ASSIGNED TASK → The records below are to be reproduced exactly, and no picture should appear in the copy.
=== Section Start ===
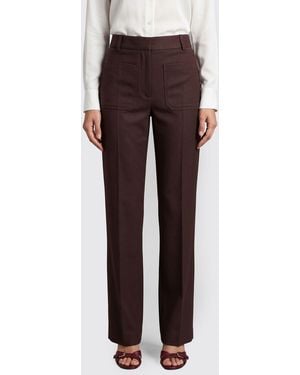 Victoria Beckham Pants - Purple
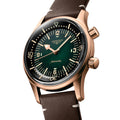 Legend Diver Bronze 42mm - Green on Leather Strap w/ Extra Fabric Strap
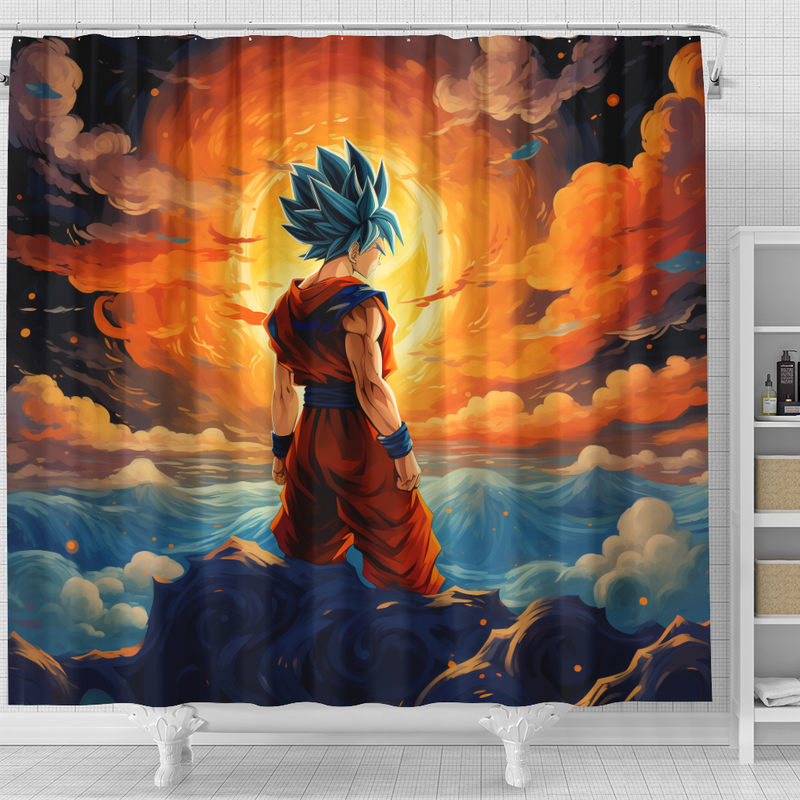 Goku Sunset Art Shower Curtain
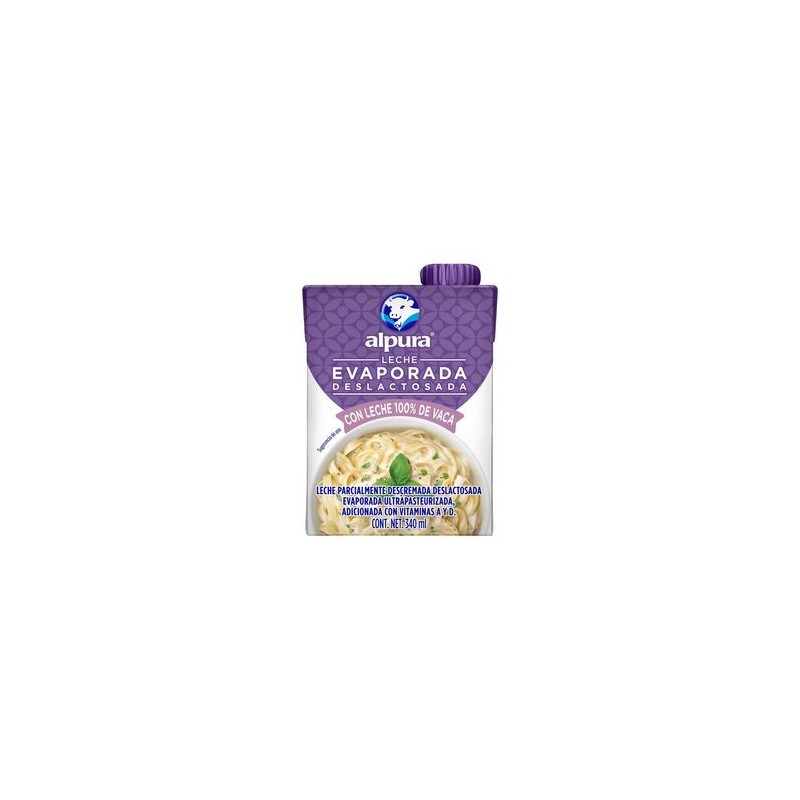 Alpura Leche Evaporada Deslactosada 376 g
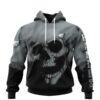 Los Angeles Chargers Skull Hoodies Custom Name & Number Gifts for Fans Los Angeles Chargers Skull Hoodies Custom Name Number Gifts for Fans 1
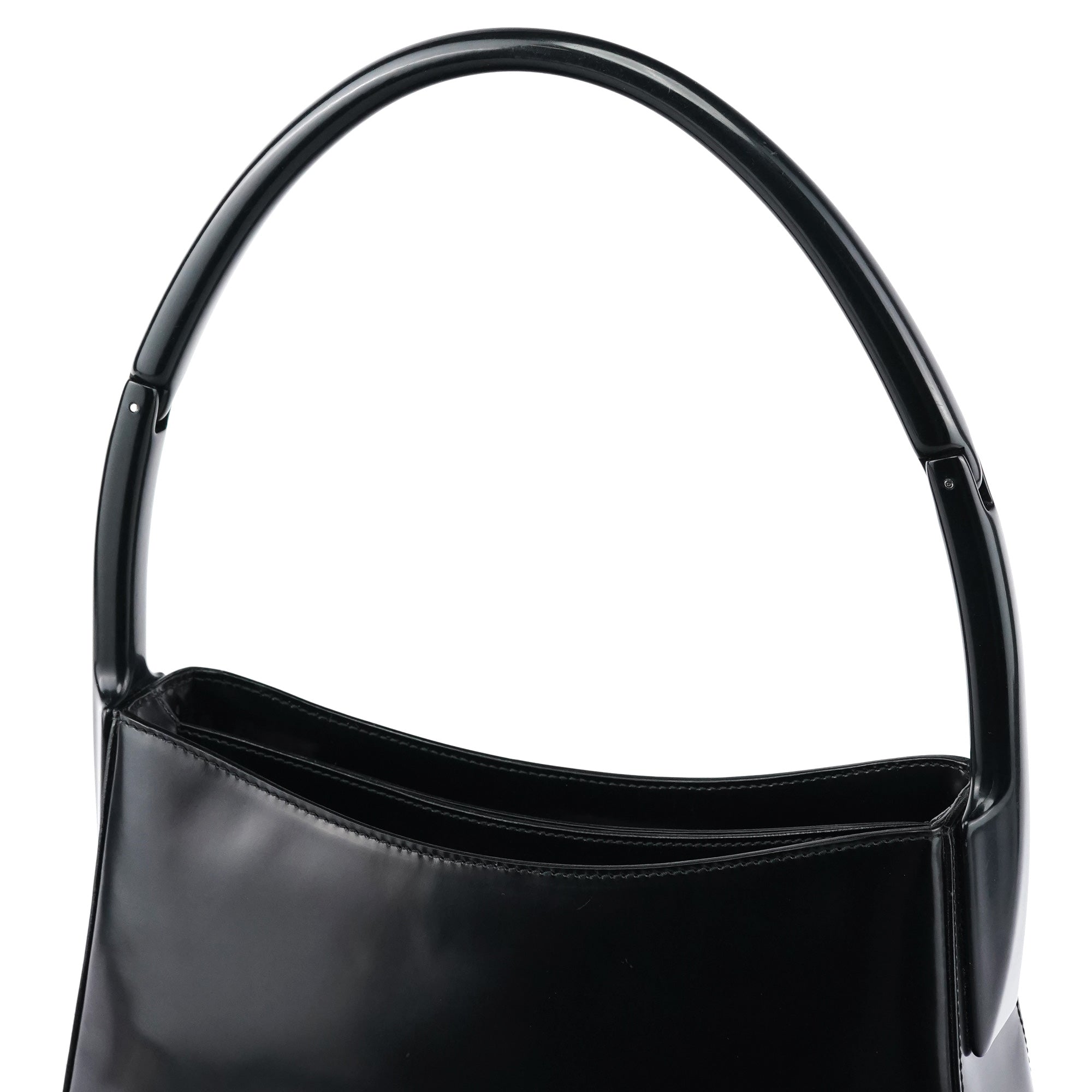 1998 Black Spazzolato Sport Hobo Shoulder Bag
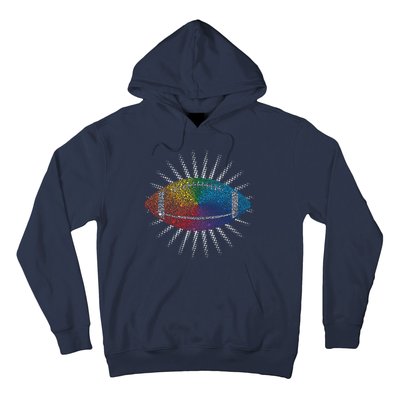 Make Your Mark International Dot Day Rainbow Football Hoodie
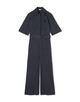 stretch Poplin half sleeve jumpsuit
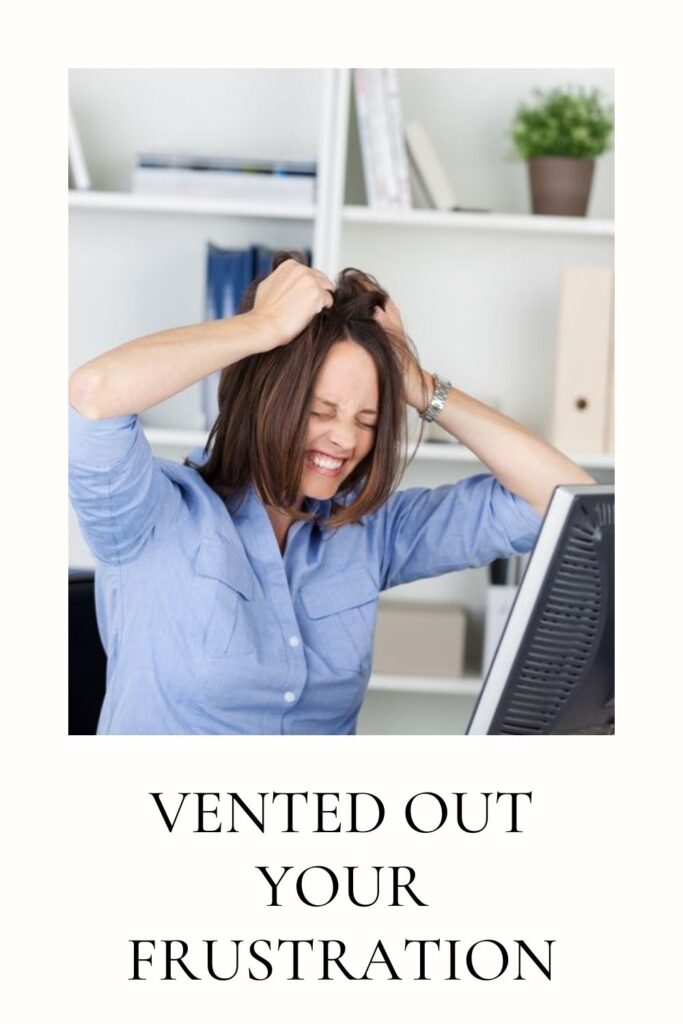 a frustrated lady plucking her hair - Get Rid of Frustration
=== Section End ===
COMPLETED EXERCISE →
 Victoria Beckham Pants - Purple
 Legend Diver Bronze 42mm - Green on Leather Strap w/ Extra Fabric Strap
 Goku Sunset Art Shower Curtain
 Alpura Leche Evaporada Deslactosada 376 g
 Los Angeles Chargers Skull Hoodies Custom Name & Number Gifts for Fans Los Angeles Chargers Skull Hoodies Custom Name Number Gifts for Fans 1
 1998 Black Spazzolato Sport Hobo Shoulder Bag
 Make Your Mark International Dot Day Rainbow Football Hoodie
 stretch Poplin half sleeve jumpsuit
 a frustrated lady plucking her hair - Get Rid of Frustration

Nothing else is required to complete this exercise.